6 Myths About Brain

Posted October 25, 2022 by Anusha ‐ 3 min read

The human brain is amazing made of 100 billion neurons that control everything from your movement to your personality. But it’s also often misunderstood.

Myth 1: People have different learning styles.


  • The truth is while teachers may try to structure their classrooms based on students’ learning styles, several studies indicate that there is no difference in how people learn.

  • A study published in Anatomical Sciences Education involved data from hundreds of students who were surveyed to determine what kind of learner they thought they were.

  • Teachers then began to tailor their lessons based on the students’ self-reported learning style. Scientists found that there was no significant improvement in the students’ test scores.

Myth 2: Brain games improve your memory and reasoning skills.


  • The truth is the BBC commissioned a study to investigate this theory by asking more than 8,600 people aged 18 to 60 to play online brain games designed to improve memory and reasoning.

  • The participants played the games for 10 minutes a day, three times a week.

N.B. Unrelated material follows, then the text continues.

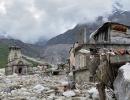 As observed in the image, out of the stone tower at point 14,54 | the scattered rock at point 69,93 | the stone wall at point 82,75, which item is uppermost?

  • The study showed that after six weeks, the test subjects didn’t demonstrate improved cognitive function in tasks for which they did not specifically train in the games.

Myth 3: Your IQ stays the same throughout your life.


  • The truth is research has shown that your IQ can fluctuate while you age, but it’s important to note that testing someone’s intelligence is an imperfect science.

  • Fluid intelligence, or the ability to think quickly and recall information, peaks at the age of 18 and then tapers off as you get older.

  • Conversely, someone’s emotional intelligence can continue to improve until the age of 30.

Myth 4: Alcohol kills brain cells.


  • The truth is moderate alcohol use doesn’t kill brain cells.

  • However, binge drinking or frequent, sustained drinking can damage the ends of neurons, called dendrites.

  • This damage can affect the ability for neurons to convey messages to each other.

  • In addition, people with alcohol addiction can develop a neurological disorder called Wernicke-Korsakoff syndrome, resulting in vision changes, loss of muscle control and impaired memory.

Myth 5: Brain size affects intelligence.


  • The truth is intelligence is determined by the number of connections between brain cells, called synapses, not by the size of the brain itself.

  • Fun Fact: An explosion of synapse formation occurs at about week 12 of a pregnancy, during early brain development.

Myth 6: The brain declines as you get older.


  • The truth is though some cognitive functions do decline as you get older, plenty of your mental skills actually improve with age.

  • Vocabulary, comprehension, conflict resolution and emotional regulation are just a few areas in which older brains can perform better than their younger counterparts.